I have a 1986 Honda Accord Lxi we bought new. It only has about 120K on the odometer. Recently, the idle speed jumps up about 500 rpm AFTER the engine reaches operating temperature. The PGMFI light on the dash comes on at the same time. The dealer can’t diagnose the problem. I have a new tuneup, new EGR valve, and no air in the cooling system. I am thinking maybe the idle control solenoid is bad. Anyone with the same problem or suggestions??
Assuming you’ve checked carefully for vacuum leaks and split vacuum lines & hoses (and this car has lots of vacuum lines), it very well might be the idle air control circuit. Been awhile since I’ve worked on an old Honda of that vintage, but as I recall the Idle Air Control Valve / Solenoid is mounted on the firewall, with wiring and vacuum lines running to it, and 4 screws holding on an o-ringed square plate on top of the body of the unit. If you remove the cap and look inside you’ll see a large metal “screw” with a wide slot; tighten that by hand with the biggest straight screwdriver you have and then reassemble. If that doesn’t cure your problem, you’ll need a new solenoid. Good luck!
I have this exact same car and the idle control is constantly driving me nuts. First and foremost, turn the key to “run” and look under the backside of the driver’s seat. You’ll see a little plastic box with a little plastic square on it. This is the computer, and when you pry off the little square, you’ll see a red light that flashes the trouble codes at you. It’ll flash the first digit of the code then the second, for example 1 flash, then a pause, followed by 4 flashes would mean code 14, which is an IAC fault. Look up the codes here: http://www.troublecodes.net/honda/hondadtc.shtml
Most likely, though, you’ll be getting a code 14 which means that the computer isn’t able to adequately control the idle speed. This MAY mean it is the IAC valve is faulty, but there are other possibilities.

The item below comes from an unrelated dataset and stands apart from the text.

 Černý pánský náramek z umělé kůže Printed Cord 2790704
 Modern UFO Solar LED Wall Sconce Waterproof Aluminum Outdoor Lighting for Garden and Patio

There’s two devices that control the idle in this car that Sean01 seems to have combined in his recollection. There’s the computer-controlled IAC valve that’s mounted over on the right hand side of the engine compartment and then there’s a separate thermally-controlled valve that’s mounted on the back side of the throttle body. I don’t believe there’s any adjustment that can be done to the computer controlled valve other than cleaning it, but the thermally controlled valves are very finicky and, in addition to causing erratic idling when there’s air in the coolant, require fairly frequent adjustment.

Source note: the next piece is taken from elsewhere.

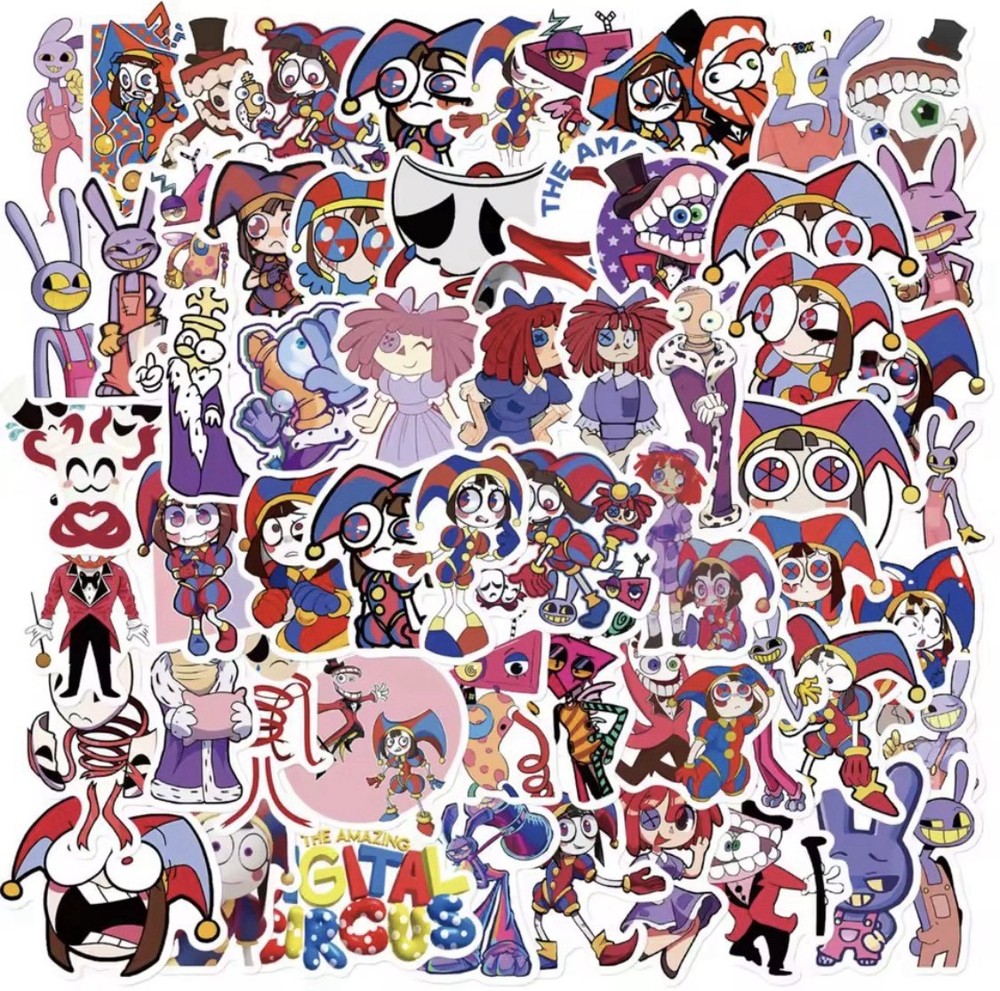 50 Piece Mix Lot 2” The Amazing Digital Circus Stickers Decals, Halloween Mix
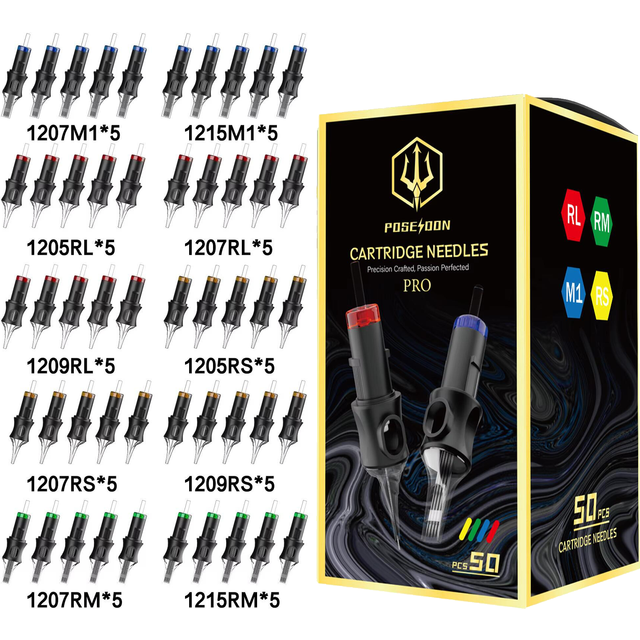 50PCS POSEIDON PRO MAX Tattoo Needle Kit Disposable Safty Mixed Tattoo Cartridge Needle Professional Permanent Makeup Tattoo Nee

The thermal valve adjustment is at least pretty easy. With the engine warmed up, look for a flat metal piece with two screws holding it on near the back of the aluminum piece that says “12 valves”. Take the two screws off and remove the cover. At that point, you’ll be able to use a flat screwdriver to move the little pintle thing inside the valve until you get the correct idle speed. Then put the cover back on and you should be set.
If this doesn’t fix it, post back and we can go through various other possibilities if you’re mechanically ambitious. Otherwise, you should try to find an independent Honda or at least imported car specialist to take this to. The dealer can’t really help you because most of the dealer techs are too young to have worked on many cars with this particular FI system.
Thanks a lot for the info, I didn’t know about the computer diagnostic light. I’ll check this out and post back. Did you ever replace the computer controlled IAC valve on yours?
It’s not necessarily an idle speed problem. When the engine light comes on, for whatever reason, the system goes into “limp home” mode with a higher idle speed. My '88 Accord LXi had the same symptom and it turned out to be a problem in the EGR system. So first read the code like GreasyJack sez.
hey i was wonering if you got the problem fixed i am having a simular one but my idle keeps climbing when its warm.